What Is the Best Age to Start Receiving Social Security Retirement Benefits?
The best age depends on individual circumstances. You are eligible to start receiving benefits after 62, but waiting until full retirement age maximizes monthly payments.
What Are the Potential Downsides of Working During Retirement Beyond Financial Ones?
Working in retirement has many benefits, but potential downsides may include limited free time, increased stress, and income that bumps earnings into a higher tax bracket.
How Do I Know How Much Money I Will Receive From Social Security Every Month?
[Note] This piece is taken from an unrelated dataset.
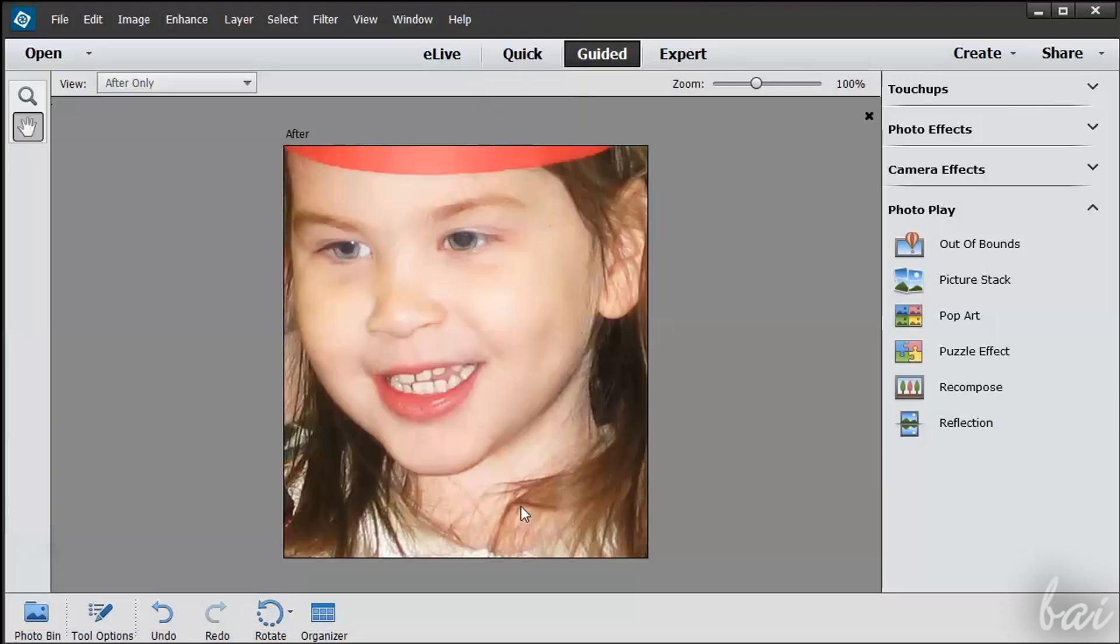This is all. If you want to discover the Expert Workspace, watch the next video in this guide.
What Do I Do With My 401(k) When I Retire?
You can leave your 401(k) with your employer, roll it into an IRA, take a lump-sum distribution, or set up periodic withdrawals. The choice you make depends on your income needs and tax situation.
The Bottom Line
Retirement today looks different for everyone. For many, working in retirement makes financial sense to delay withdrawals, boost income, and supercharge Social Security benefits. Beyond the numbers, continuing to work can provide a sense of purpose, social connection, and fulfillment.
“Who said you have to stop working completely at 65? Maybe you phase into semi-retirement, start a side business, or turn a passion into income,” says Stoy Hall, CFP, CEO and founder of Black Mammoth. “Retirement isn’t just about having a pile of cash—it’s about having options. The goal isn’t to stop working; it’s to stop working on things you have to do and start working on things you want to do. That shift in mindset can make all the difference.”
Before going on a job hunt, take time to assess your financial situation, future tax liabilities, and personal goals. Whether you’re working by choice or out of necessity, aligning your job with your desired lifestyle is key to making the most of your retirement years.
Tip
Online tools like the Social Security Administration’s benefits calculator or retirement income estimator can help you gain a clearer picture of your finances. Consulting a financial advisor can help create a personalized strategy that factors in all income sources—giving you the freedom to decide whether to kick up your feet full-time or maintain one foot in the door in your chosen field.